La « maison nouvelle, » élevée sur un ordre de Napoléon, était somptueuse, mais, sans doute, mal accommodée à nos habitudes ; les enfans ne s’y plaisaient pas : ils regrettaient l’autre, l’ancienne, d’après son simple et vieux renom. Pour quitter la métaphore, les lycées de l’Université, dans les dernières années de l’Empire et les premières de la Restauration, ne trouvèrent ni chez les parens, ni dans la jeunesse, le succès qu’aurait mérité leur personnel enseignant. La transition était trop brusque entre l’indépendance de jadis et la discipline adoptée. Miracle de la tradition ! Ces enfans, qui n’avaient point connu les collèges de l’ancien régime où la personnalité de chacun était respectée et développée, n’arrivaient pas à se plier au règlement égalitaire qui courbait toutes les individualités sous le même niveau. On se montrait injuste pour la récente institution : Chateaubriand s’indignait du roulement de tambour signalant le commencement ou la fin des classes, le réveil et le coucher. Il exagère, je pense, lorsqu’il dit « qu’on vit des mères accourir des extrémités de l’empire et réclamer, en fondant en larmes, les fils que le gouvernement leur avait enlevés. » Joseph de Maistre se contentait de soupirer en considérant l’Alma parens sortant des mains de son créateur : « C’est un beau corps ; l’âme viendra quand elle pourra[1] ! » Bon nombre de pères de famille cherchaient à épargner à leurs enfans l’incarcération redoutée dans ces lycées de terreur, installés, pour la plupart, dans de vieux couvens sinistres, aux murs lépreux, aux voûtes basses, aux cours sans soleil et sans verdure. Le départ d’un enfant pour le lycée était pleuré par les mères autant que, naguère, le départ pour le régiment : c’était, dans les familles, l’occasion de déchirantes scènes de désolation.
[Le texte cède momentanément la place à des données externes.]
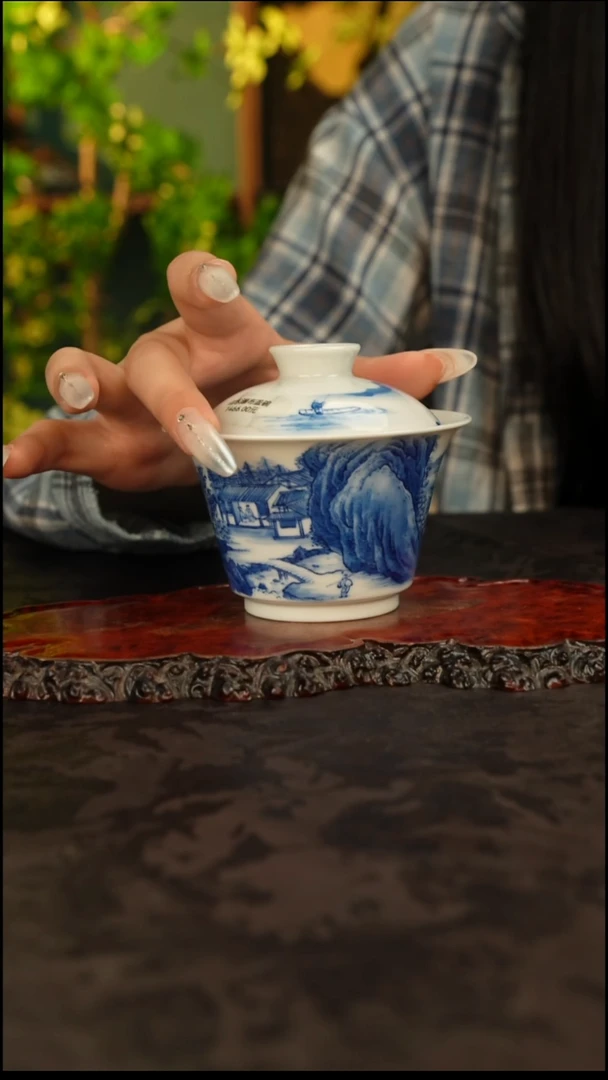 谢凯山房  青花手绘山水盖碗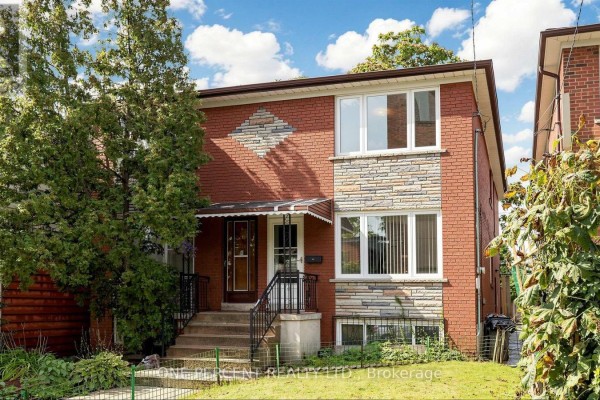 Kitchen - 187 Simpson Avenue, Toronto, ON M4K1A5 Photo 3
Le comte d’Haussonville, dans le délicieux récit, malheureusement inachevé, que son fils a publié[2], rapporte comment, en 1827, élevé jusqu’alors dans sa famille et ayant « tué sous lui » deux précepteurs, il fut mis au collège après de

  1. Gabriel Compayré, histoire de la Pédagogie. La théorie et la pratique de l’éducation, p. 432.
  2. Ma jeunesse, Souvenirs, par le comte d’Haussonville, de l’Académie française.